It’s the battle of land versus sea — while some stews are
staunch supporters of professional interior training courses
they believe fill
the lacking need for interior crew training, others strongly advocate the
benefits of learning on the job, skills which they deem irreplaceable.
“Tasks tend to be boat specific, and onboard training can be
quite effective,” says a purser on a 70-meter motor yacht, who was a stewardess
for eight years and trained both on board and ashore. “As a stew, you will
benefit greatly by getting on one good boat that offers a good training program
on board. Those are by far more effective in the long run.”
Learning in a live environment certainly has its benefits,
but so, too, does professional training. But, is one really more effective than
the other when it comes to handling the demands of being interior crew? Or are
both sides right? In this two-part series, we’ll take a look at interior
training, both on board and ashore.
According to a Dockwalk.com
poll for stews, around 63 percent of respondents have conducted or participated
in some form of crew interior training on board.
“[We do] how-to tasks, week by week, for example, folding
laundry properly or using starch correctly or practice making modern flower
arrangements,” says the purser.
Others prefer to train on all duties before the season
starts, do hands-on interior cleaning or focus on fulfilling guest preferences
or habits. For one chief stewardess though, it’s all about teamwork.
“Teaching new members is how current crew can refresh and
tune their own skills at the same time, and I prefer this to be done not by
two, but [by] more people together,” says Chief Stewardess Valve Saarma. “As
time progresses, more and more tasks can be delegated for one person to finish
and no micromanaging will be needed, only motivation.”
But should interior training be confined to what its name
suggests? One of the biggest advantages of training on board that not enough
yachts take advantage of, according to both Jason King, interior department
head at International Crew Training, and our poll, in which less than half of
respondents reported using this method, is cross-training.
“When working on a yacht, you have so few resources
available, so one of the things you do is cross-training,” says King, adding
that it’s the interior’s mistake not to cross-train. “When you teach the deck
guys the interior, or vice versa, when someone is sick or needs an extra pair
of hands, you have the ability of doing it.”
Cross-training is not only handy for filling in or for extra
help, but for creating a more cohesive and understanding crew, which ultimately
results in smoother operations.
“A lot of time, there seems to be animosity between the
interior crew and the deck because the interior thinks [the deck] chamois all
day, and [the deck] thinks the interior crew just sit around and drink a cup of
tea,” explains King. “I think that’s because we’re not doing enough cross-training
to show how hard everyone works.”
Touching again on the importance of teamwork, Saarma adds, “Everyone
on board has some extra skills, and we all share them and take the time to make
a training out of it.
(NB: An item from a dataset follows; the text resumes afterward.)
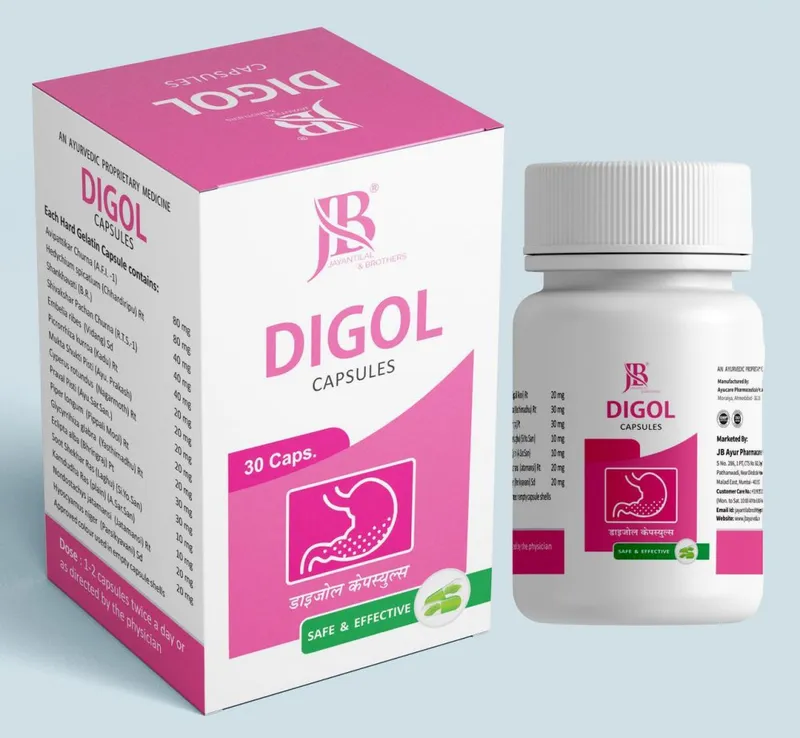 Digol Capsule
It’s great to delegate tasks and responsibilities
accordingly to each person’s strongest side, but it is just as important to be
able to do the jobs of a fellow crewmember, not only to be filling in for each
other, but also to respect and appreciate the different jobs and understand how
everyone’s input makes the whole come together.”
King compares cross-training to tying a bowline knot — there
are different ways of doing it to get the same result.
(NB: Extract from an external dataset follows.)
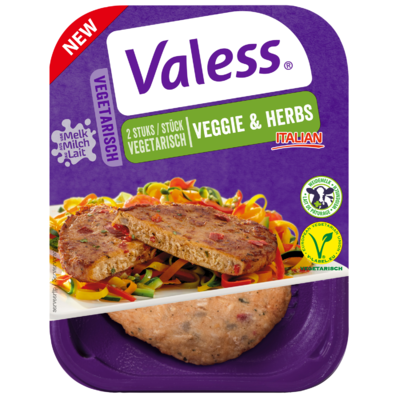 Valess Veggie & herbs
“One hour a week, get all crew together [so] everyone learns
a way of tying the knot,” he says. “Go to the galley, go to the engine room.
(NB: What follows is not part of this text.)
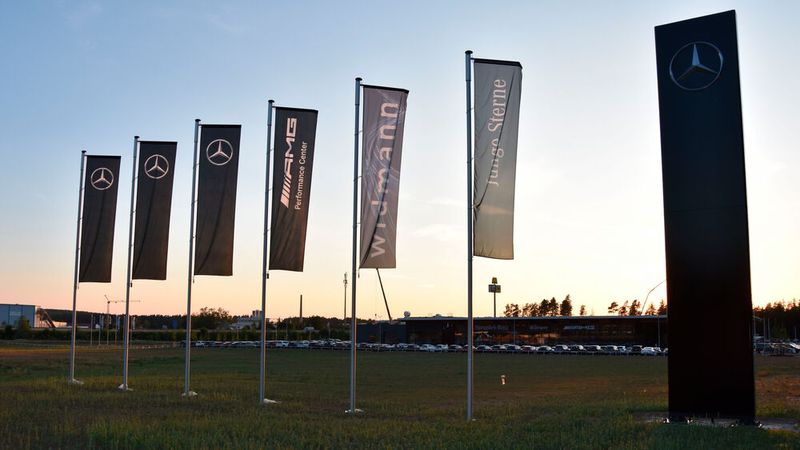 Das Grundstück ist über 70.000 Quadratmeter groß. (Bild: Simon – VCG)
Over a period of time, you learn more than just your own department, [and] the
captain knows what everyone does.”
You could also follow in the steps of the purser, who
reports having interior/exterior swaps on her yacht, where deckhands make the
beds and the stews wash down so “everyone has an understanding of what it takes
to do the other’s job and are more willing to help out when it’s crunch time.”
Devon T, who’s been a stewardess for four years, adds, “Deck
skills [are] a must in almost any program that I’ve been a part of. [It] also
doesn’t hurt to know your way around the galley.”
No matter how you cross-train on your yacht, it’s sure to make
your job more dynamic and interesting, as Chief Stewardess Anjuli Waybright
calls her informal cross training experience.
Waybright, who has been a stewardess for two years, sheds
light on yet another benefit of training on board.
“I constantly learn new tricks and tips from other crew
coming through, and through online forums where information is shared,” she
Thus, onboard training is always an evolving experience, where
you not only learn as you move from boat to boat, but from others who come and
go on your own yacht. Whether you’re cross training or grasping an
understanding of tasks specific to a certain yacht, you’ll continue to add to
your skill set.
As one stewardess on a 118-foot yacht puts it, “I learned
more working than a course will ever teach.”